Coming out of a graduate program right smack dab in the middle of the year is stressful enough as it is. Throw in the fact that my degree is in teaching and teaching jobs generally are given out in the beginning of the school year, let’s just say it’s hard to focus on your future when you literally have no idea what it holds within the next 4 months, 5 weeks, 7 days even. Being a day to day substitute has it’s perks. I get to travel, experience different parts of the state, find out what schools I like, what kinds of kids and grades I like to teach and really gain the experience I need for a full time job. However, for the entire first two weeks after I graduated, I lay in bed. I literally did not move except for basic human needs. I was burnt out, having been to school for the past 18 years. I didn’t know what to do with myself. Part of it was a lack of motivation. No, that’s a lie. I was motivated to get a job; of course I want a job. However, wanting a job and finding a career are two very separate ideas. They require planning and thinking and saving, and preparing. I realized quickly during my unpaid internship how incredibly easy it is to get a part time job with any kind of college degree at age 24.
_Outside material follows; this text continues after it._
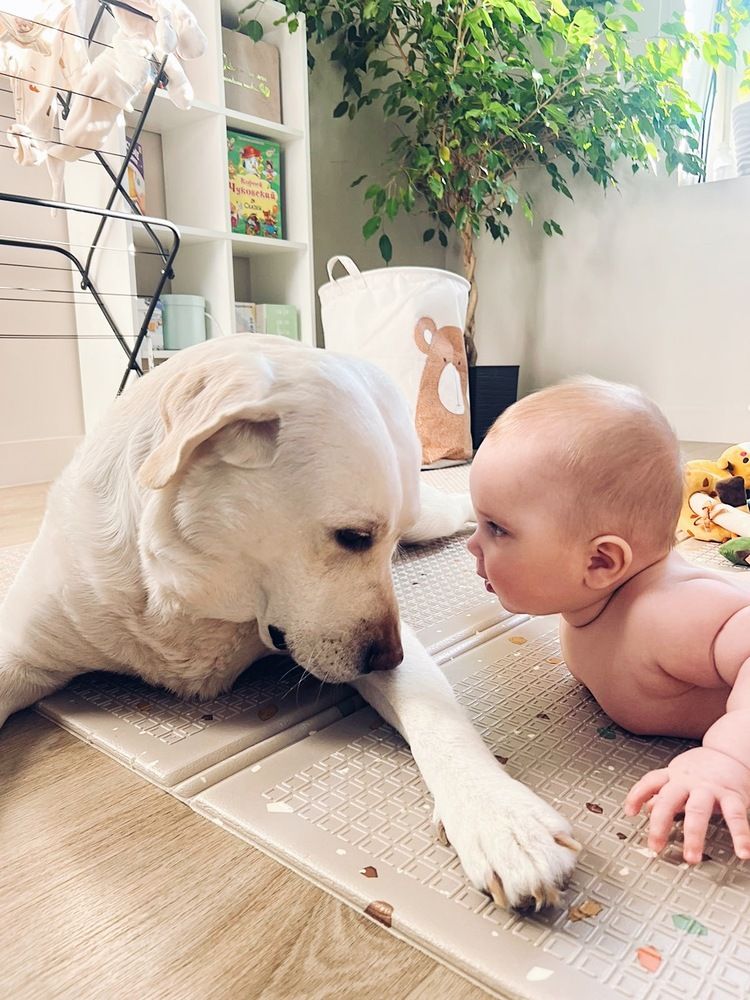 Photograph by Татьяна Волохова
I have just enough experience to show that I have basic skills of any high school cashier, waitress, hostess, clothes folder, you name it. I have the social skills from years of schmoozing professors, colleagues and peers to impress a seasoned manager of a Marshall’s. However, building a portfolio to actually start a career, gaining experience takes time. I’ve realized that in order to really stay motivated to start this is to stay hungry. I write a goal list weekly. This is not just goals for the week it’s goals that I want to accomplish within months and even years. Things change every day. My wants change every day. Last week I wanted to move into an apartment in May. This morning I researched how to buy a house in your 20’s. Tomorrow I will probably end up looking up what kind of certification you need to teach in the islands of Turks and Caicos. My point is that my mind is always changing on what I want my future to hold (not that anyone can really plan their future anyway) but I’m at least always looking forward to it.
If I woke up every day and the only thing I had to look forward to my future was my retirement home in Florida and pension check, I’d have called it quits yesterday afternoon. I love what my future holds. Granted, I have no idea what this is, but I at least know I plan to do so many things. I very well could wake up in 50 years and realize I didn’t do anything and Eat, Pray, Love the situation but at least I will still have that spark of wanderlust. At this point, I’m not really sure where I was originally going with this. My thought process about my career is tricky. When you’re 24, you’re stuck in this weird transitional period of life where you know you should save and be financially smart until you’re stable. However, if that’s the case, how are you supposed to save up when you don’t know if or when you’ll get married, you’ll potentially get married, spend all your money on a house/wedding/kids, and all that time not knowing if or when you’ll get to experience travel and adventure. Like I said, a career and a job are very different and I look forward to a fulfilling career as a teacher that I’ve worked hard for 18 years to achieve. But I need time. I still have so much ambition for everything else in life. My stomach turns with butterflies whenever I think about planning trips and meeting new people and experiencing things. Don’t put all your goals in one basket. I’m not trying to tell you what to do. Get the career you crave but be mindful of the lifestyle you want to maintain. They don’t always go hand in hand but that doesn’t necessarily mean you can’t have them both. If someone could point me in the right direction on this conundrum, that would be great.